### TASK OBJECTIVE
A verbatim copy of all the data is required; the pictures should not appear in it.

[Web page caption snippets]
***
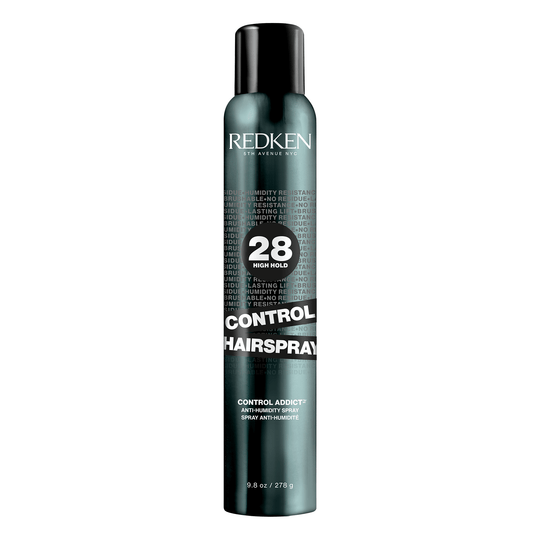 Redken High Hold 28 Anti-Humidity Control Hair Spray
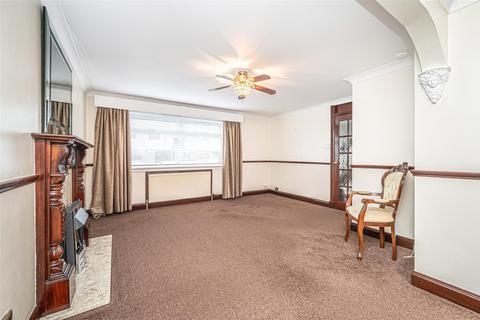 2 bedroom house for sale, Eagle Road, Buckhaven, Leven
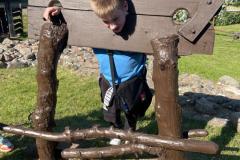 IMG-20240510-WA0022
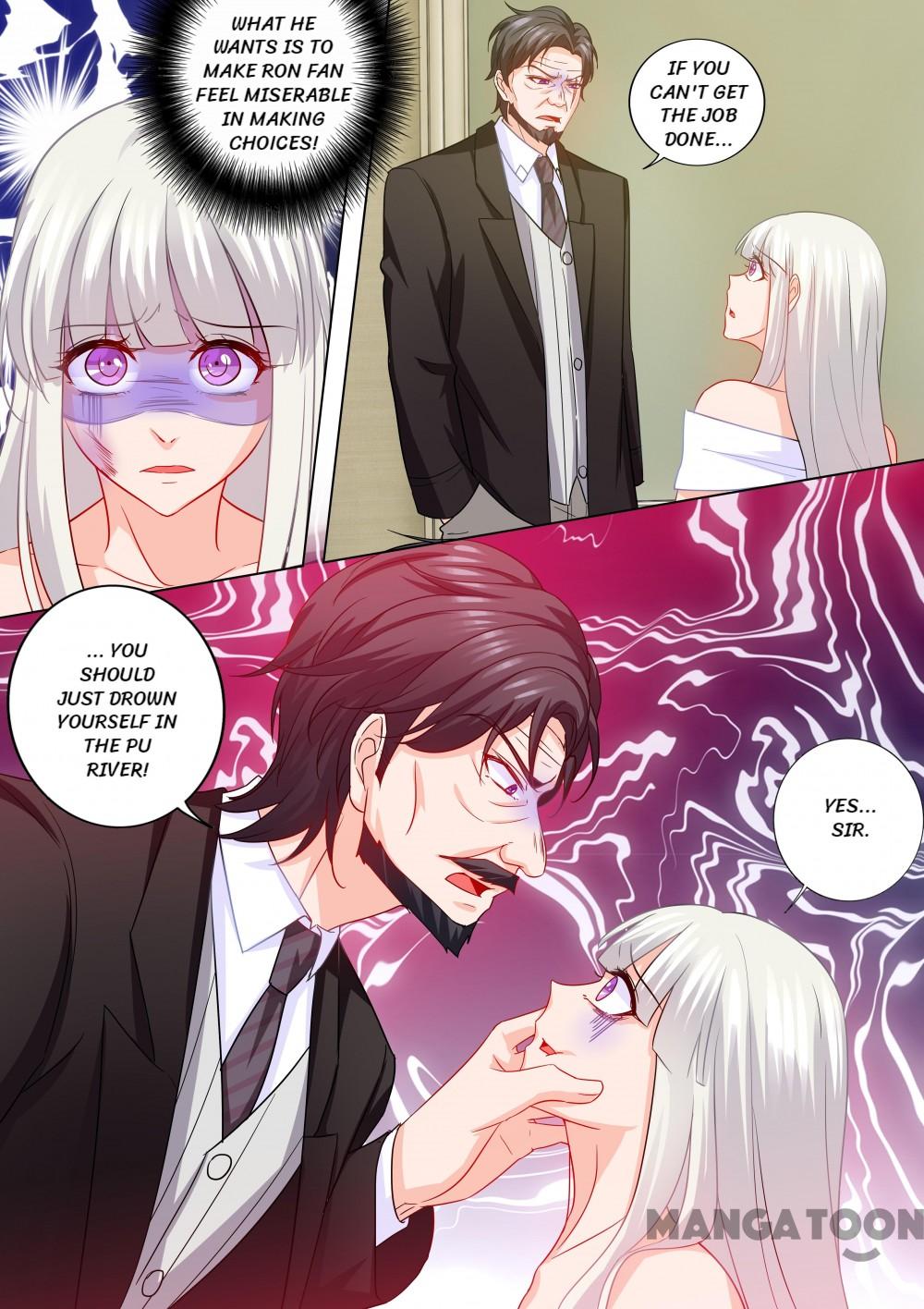 Page 8 of Chapter 210
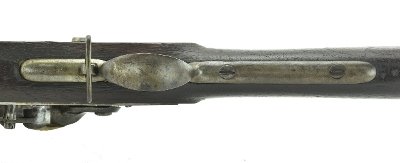 "Virginia Manufactory 2nd Model Musket (AL4707)" - Image 8 of 10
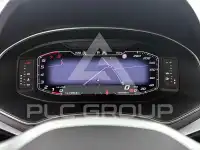 2021 Seat Alteca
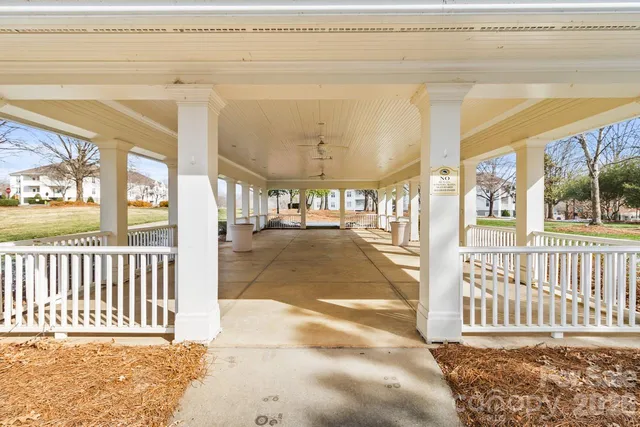 $289,900 | 18001 Delmas Drive, Unit 3C, Cornelius, NC 28031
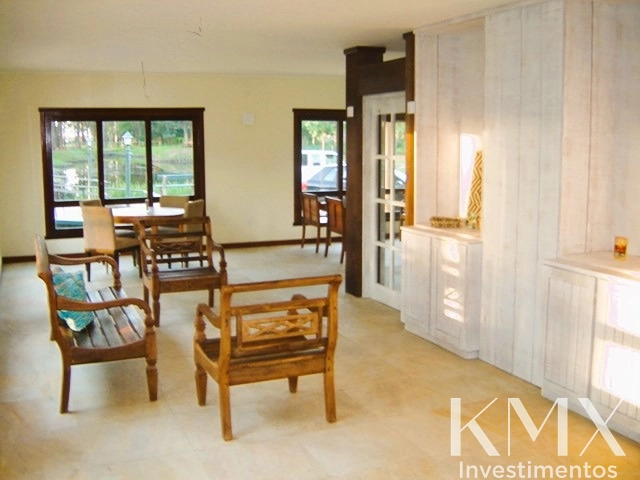 2ª foto do condomínio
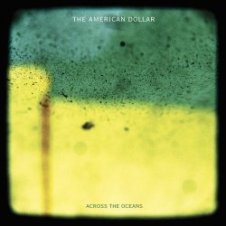 Обложка The American Dolla – Palestine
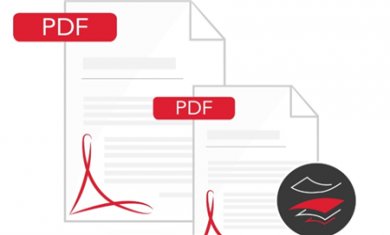 09B0BCF2-2F84-43e4-ACA7-1DDFFB19B86E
***
### REPLY
 Redken High Hold 28 Anti-Humidity Control Hair Spray
 2 bedroom house for sale, Eagle Road, Buckhaven, Leven
 IMG-20240510-WA0022
 Page 8 of Chapter 210
 "Virginia Manufactory 2nd Model Musket (AL4707)" - Image 8 of 10
 2021 Seat Alteca
 $289,900 | 18001 Delmas Drive, Unit 3C, Cornelius, NC 28031
 2ª foto do condomínio
 Обложка The American Dolla – Palestine
 09B0BCF2-2F84-43e4-ACA7-1DDFFB19B86E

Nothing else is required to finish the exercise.